照明を点けているので、プライドを捨て去った眞一郎のかわいい顔が、比呂美にはとてもよく見える。
「フフ…… ……いいよ……」
一旦、身体を起こし、眞一郎を見下ろしながら、唇についた二人の混合液を舐める比呂美。
その態度は、余裕を持って眞一郎の求めに応じるもののように見えたが、実はそうではない。
唾液を塗ることで強くなった陰茎の臭い……眞一郎の牡の薫りが、比呂美の欲望を我慢の限界まで追い詰めていたのだ。
(本当に我慢できないのは私の方。 欲しい……『眞一郎くんの』が……)
牝の本能に支配された唇が、光る粘液の糸を引きながら大きく開かれる。
……そして…………
「くっ!」
短い呻き声と共に、艶やかに張った肉の先端が、比呂美の口内へと消える。
身体の中で最も敏感な部位を咥え込まれ、眞一郎は反射的に首を仰け反らせた。
生温かな『異空間』が与えてくれる、言葉では表現しがたい悦び。
眞一郎の歯と歯の間からはギリッという摩擦音が発せられ、彼の感じる快楽が普段以上のものであることを示した。

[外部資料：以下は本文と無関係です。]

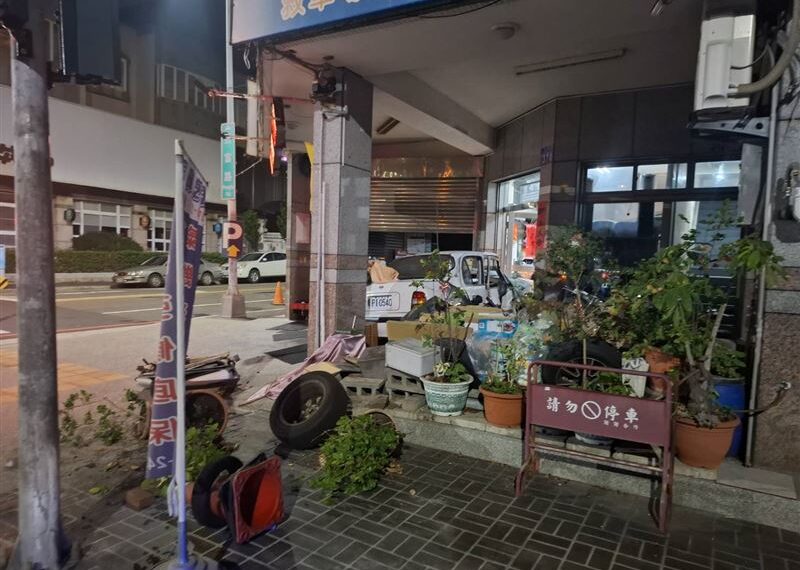 台灣新聞通訊社-深夜恐怖撞擊！BMW撞噴小車「害失控衝進修配廠」　58歲男腿斷受困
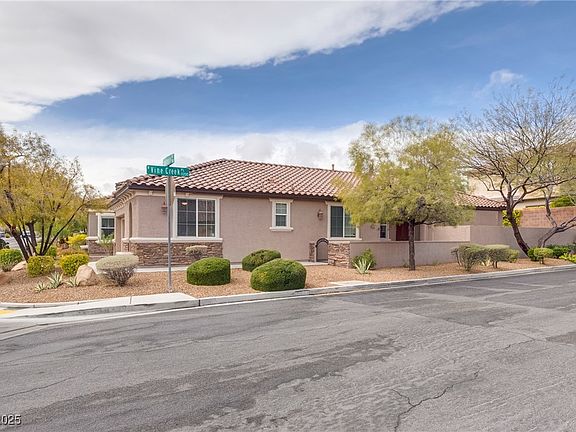3rd image of 961 Ambrosia Dr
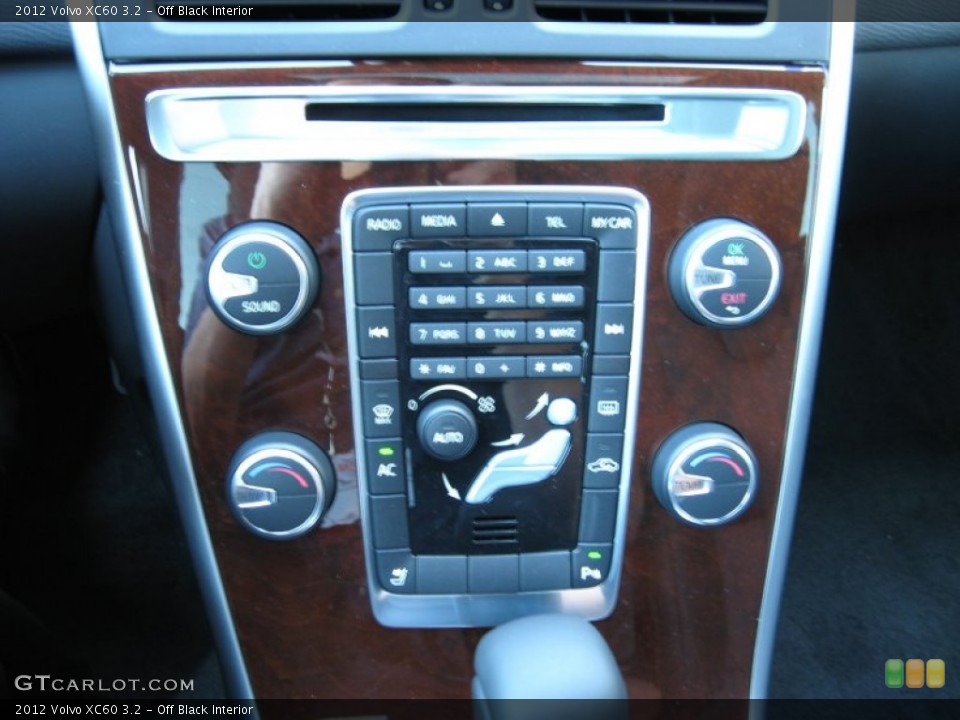 Off Black Interior Controls for the 2012 Volvo XC60 3.2 #57235850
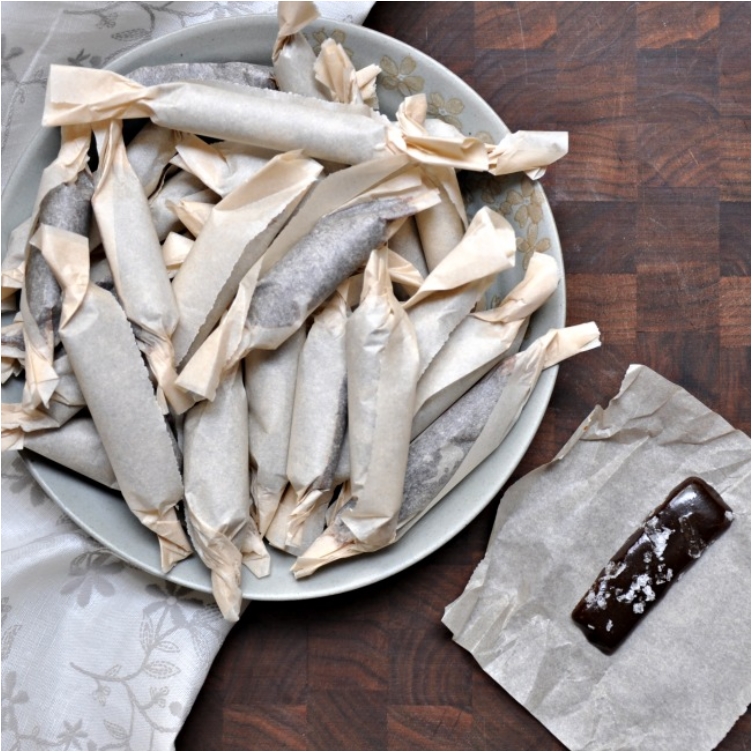 39 Spooky Foods For The Scariest Halloween Party Ever
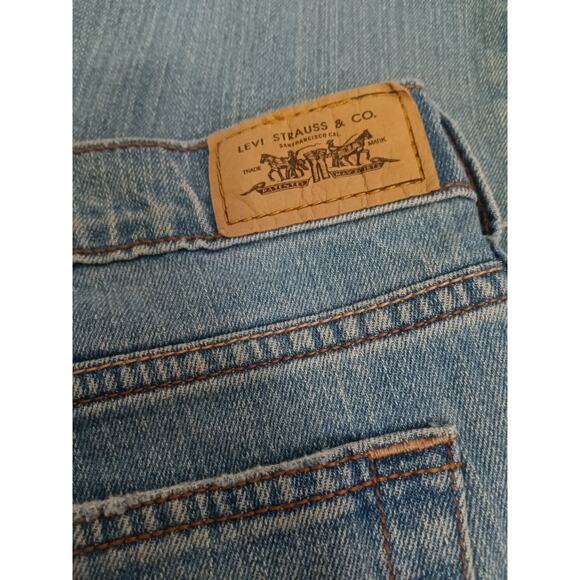 Levi's 516 Women's Capri Jeans Size 14 Blue Stretch Denim 21" Inseam - Picture 4 of 6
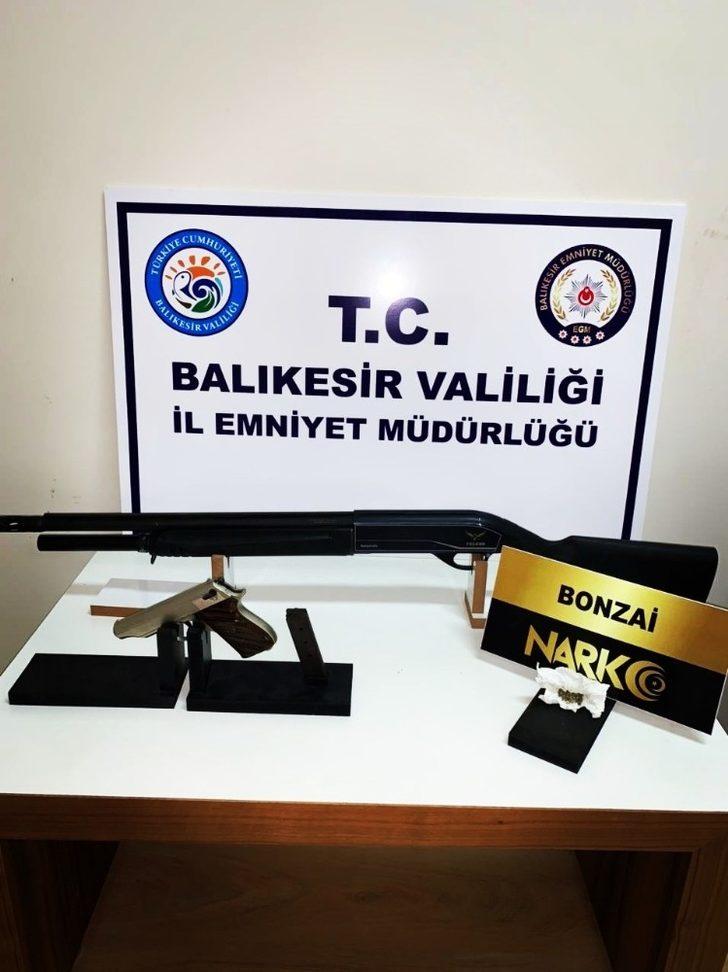 Balıkesir’de polis 6 silah ele geçirdi G4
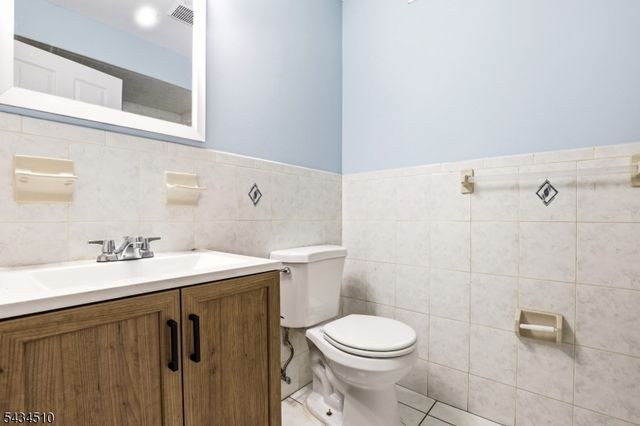 63 Chadwick Ave, Newark City, NJ 07108
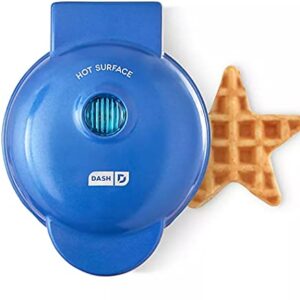 Dash Star Mini Waffle Maker in Navy Blue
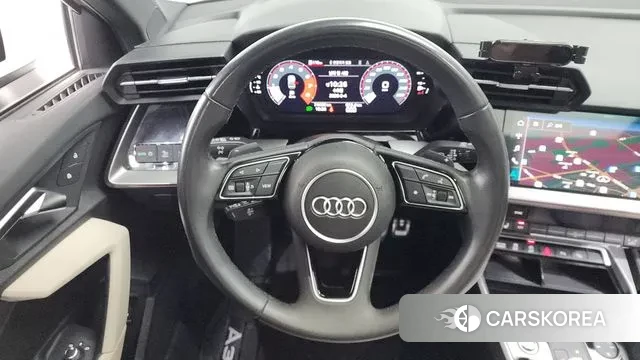 Audi A3 (8Y) 2023 Белый из Кореи, фото 4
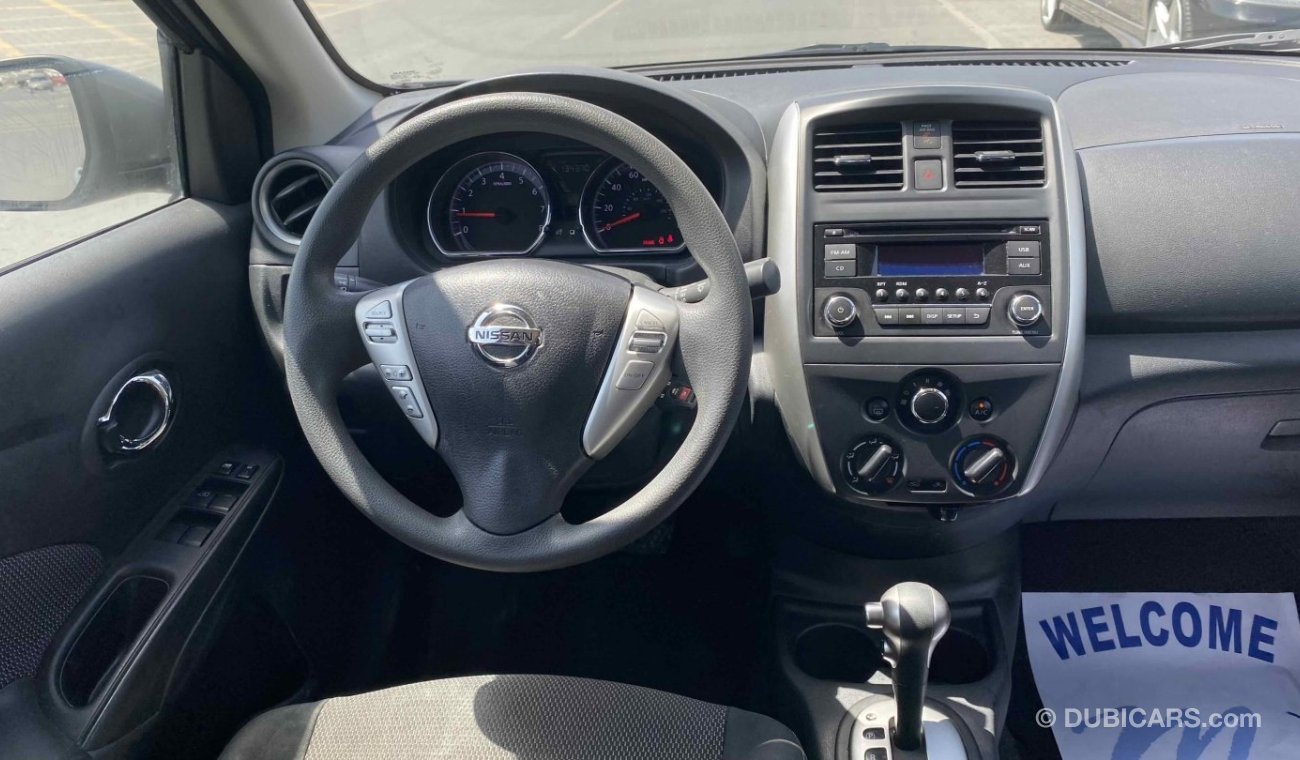 Nissan Versa S 1.6L. V4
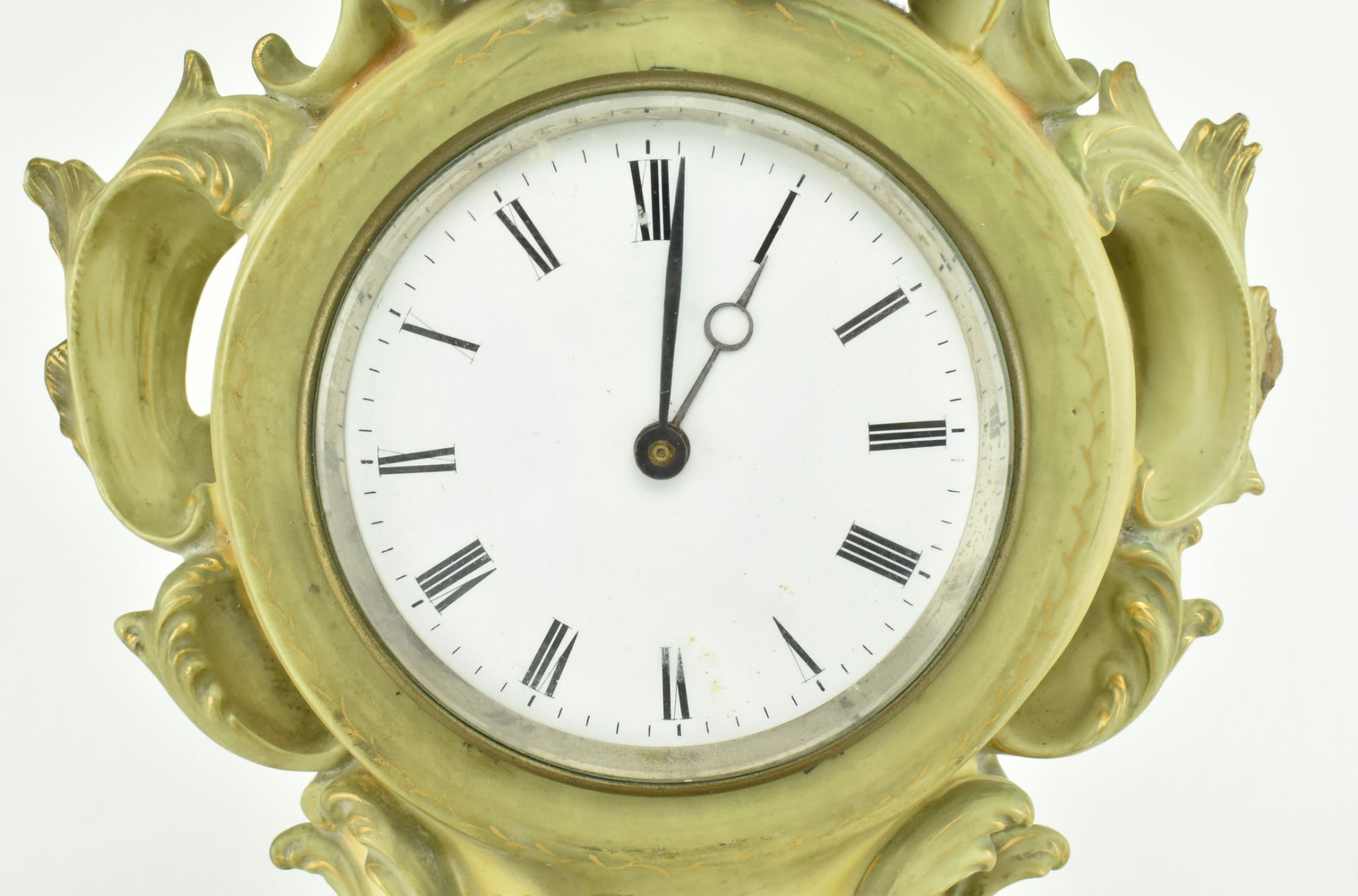 19TH CENTURY CONTINENTAL BISQUE PORCELAIN MANTLE CLOCK - Image 4 of 10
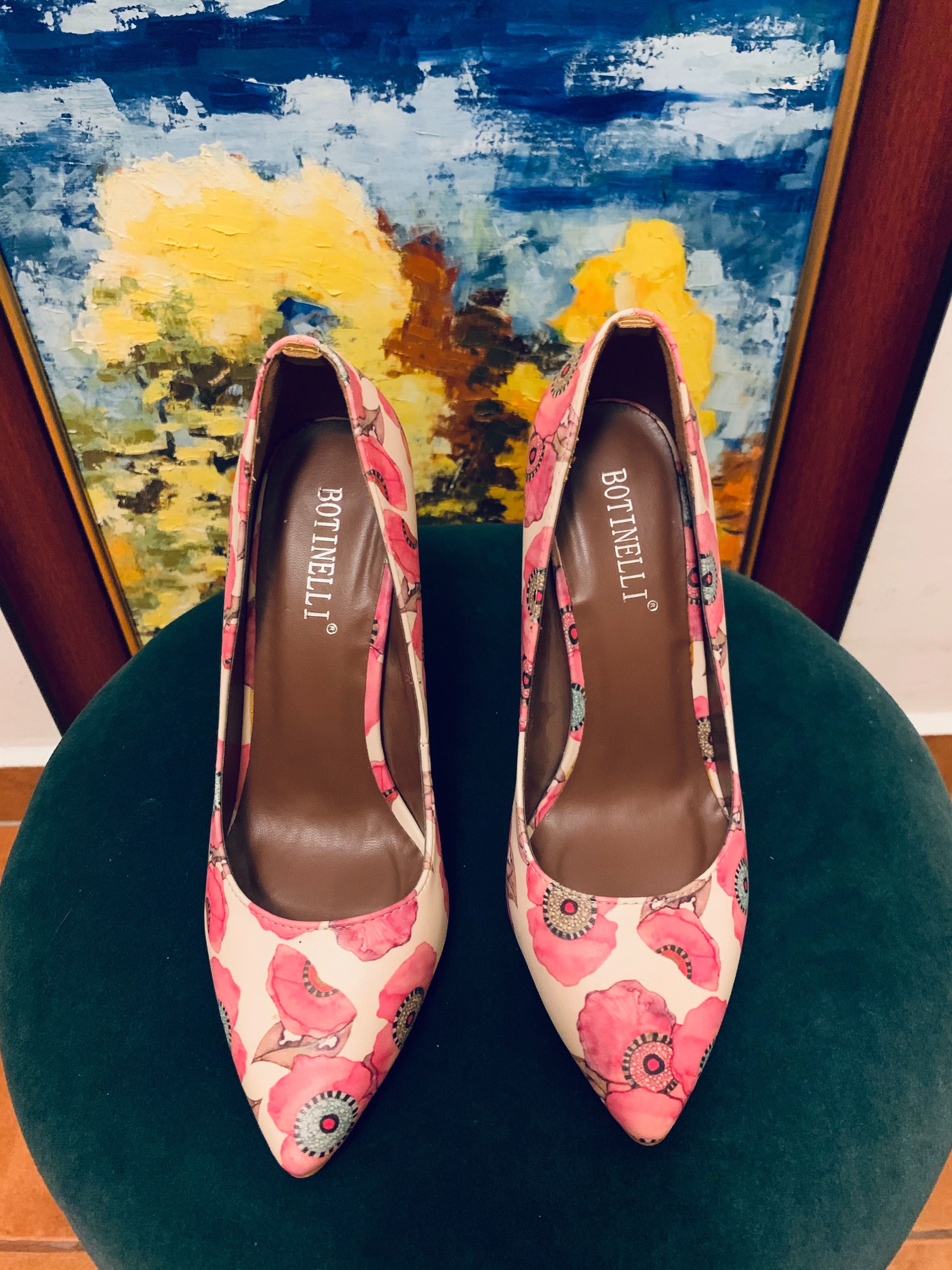 Pantofi stiletto cu model floral, colorați, mărimea 37, toc 11 cm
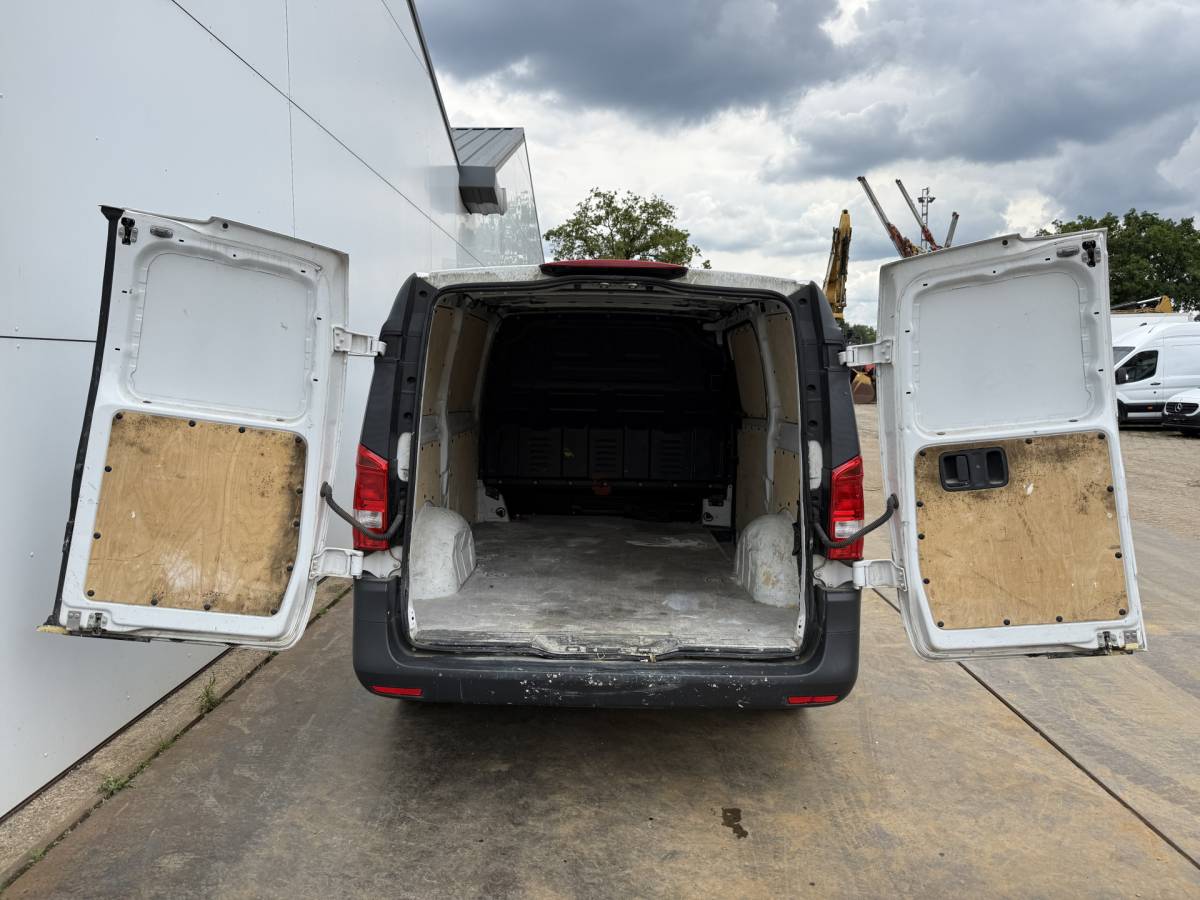 Mercedes-Benz Vito Mercedes-Benz Vito 114 1.9 CDI Automaat L2H1 Climate Control Cruise Control Carplay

その姿を上目遣いで確認しつつ、比呂美は尿道に溜まったカウパー液を吸い出しにかかる。
口腔が減圧され、陰茎に詰まっていた粘液はストロー内のジュースのように、比呂美の舌上へと無理矢理引き出された。
「うあぁぁっっ!!」
体液を吐き出すのではなく、強引に抜き取られる……
初体験の快感に、眞一郎の声帯は状況を忘れて悲鳴をあげた。
(もっと……気持ち良くしてあげる…… だから……)
いっぱい……いっぱい出して欲しい…… 喉も内臓も焼けただれてしまうような、熱い精を。
比呂美は願いを現実のものとするべく、頭をゆっくりと前後に動かして、ペニスを更に深く呑み込み始めた。